Class 1 White Face Market Lambs Rear Views

Class 1 White Face Market Lambs Side and Rear Views

Official Placing = 1-4-2-3

Cuts = 4-3-7


1-4-2-3 is my placing on this class of white faced market lambs.  I found the class to break into a easy top and bottom with a close middle pair.  Ideally my class winner could have been neater through the base of his shoulder, nonetheless, it's still 1 over 4 in my initial pair as 1 was the most complete, nicest balanced lamb in the class.  1 was easily the freshest, squared topped, fullest hipped lamb that had an obvious advantage in thickness through the center of his leg.  1 was also a nicer balanced lamb that was leveler topped, squarer rumped and tighter hided.  Additionally he had more curvature to his rib and was a stouter, heavier boned lamb that when taken to the rail should hang a carcass that would open with a larger eye and a higher scoring leg.  I realize that the Montadale appearing wether was a bigger framed, taller fronted lamb that set higher in his neck-shoulder junction.  However, this doesn't offset the fact that he was heavy conditioned and flat through his leg.


In reference to my intermediate pair it's still 4 over 2 as 4 more closely followed the pattern of my class winner in his muscularity.  He was a wider based, meatier lamb that was especially squarer through his rack and wider through his loin.  The slick legged lamb was also stronger topped and more nearly level to his dock.  Furthermore he was a growthier, higher performing lamb that when taken to the rail should hang a carcass with more total pounds of high priced, consumer preferred cuts.  I appreciate that 2 was a leaner, trimmer designed lamb that stood on more circumference of bone.  However, I criticized him and left him third as he was weak topped and steep-rumped.

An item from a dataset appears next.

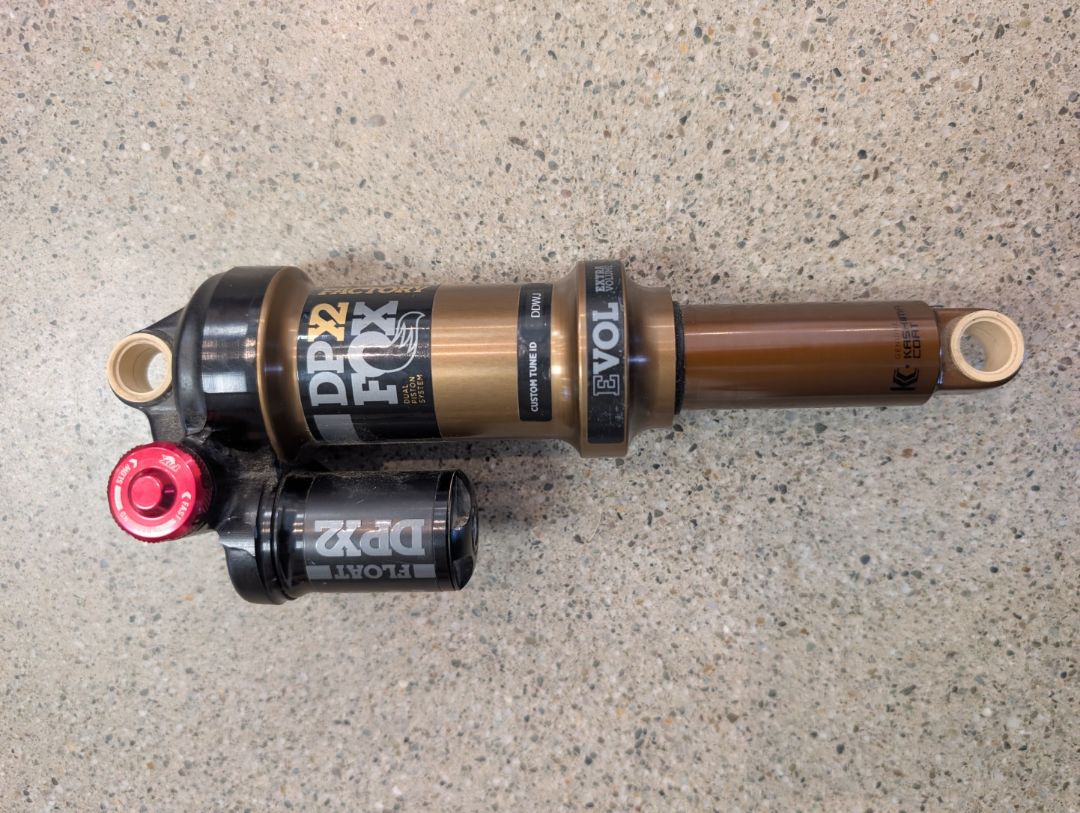 Gold Fox Float DPX2 Factory, 230x65mm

Nonetheless, I still easily placed 2 over 3 in my concluding pair as the horned lamb was simply more overpowering.  He especially had more mass of muscle draped down his top and let down into a thicker leg with more inside shape.  He was also a bloomier, fresher lamb that was nicer balanced on the profile being straighter in his line.  Additionally 2 was a deeper bodied, easier feeding lamb.  These obvious advantages should allow him to rail a more packer acceptable carcass with a higher yield of retail product.  I realize that 3 was the leanest lamb in the class.  However this serves to his disadvantages as he is the steepest-rumped, narrowest made, most underfinished lamb that when taken tot he rail would hang the least market-ready, lowest yielding carcass in this class today.